Nelson George is a novelist, cultural critic, and filmmaker. After receiving his degree from St. John's University in 1982, George first worked for New York's Amsterdam News, later becoming an editor at Billboard and a columnist for the Village Voice. Many of his books -- both fiction and non-fiction -- have focused on black popular culture. George is the author of Hip Hop America and The Death of Rhythm and Blues, both studies of black urban music, as well as the novels Night Work and Urban Romance. George co-wrote the films Strictly Business (1991) and CB4 (1993); he also directed To Be a Black Man, a short based on a piece he wrote for the Voice that starred Samuel L. Jackson.

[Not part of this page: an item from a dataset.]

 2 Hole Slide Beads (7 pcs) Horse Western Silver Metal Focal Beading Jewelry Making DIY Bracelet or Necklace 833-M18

Question: What is Queen Latifah’s legacy
Nelson George: You know aside from Will Smith, and actually in some ways even superior to Will in certain ways . . . Will Smith is a huge movie star, maybe one of the biggest in the world. Queen Latifah is kind of like this huge cultural figure who is big in movies, but she can sell cosmetics. She’s had talk shows. She kind of represents more than Will does. Most people say Will is like a vacuum in which you read in what you will, you know? He doesn’t give you a lot of personal details. It’s really this package. Latifah seems to represent to women a sense of empowerment and strength that’s beyond her just . . . her actual cultural products. And so getting her to do this film was humongous. It’s the reason the film exists, quite honestly – or certainly exists on the scale . . . I don’t know. I probably would have got it made somewhere. But would HBO have, you know, promoted it the way they did? They did a fantastic job. We played Sundance and the whole shebang. And I think it’s because of her, because she represents a certain strength and a certain kind of integrity that somehow, even though she does stupid comedies, it doesn’t stop people from feeling that way about her. She’s a remarkable figure, and that she’s loved by kids. She’s really respected and loved by women and adults. She’s respected by men. It’s really a unique place she’s carved out for herself, and she’s a lovely person. _________ cliché, but she’s incredibly easy to work with. She’s a lot of fun. She likes to tell lots and lots of jokes. Given her druthers, she would just do comedies all the time probably. She’s got a really strong spirit, and it radiates right through the screen. So I mean she was a dream to work with, and she was very clear about why she did my film and what it was about. And not to make . . . This is not gonna be Bringing Down the House. This is definitely another space. And while we’re in this space, artistically this is what we’re doing. __________ say cut, I can go and fuck around and mess around, but this is where I am. And I think that was one thing I loved about her. She didn’t try and impose any other aesthetics onto it – Hollywood aesthetics or anything like that. She bought into this material, and she was committed to a certain kind of reality for the material.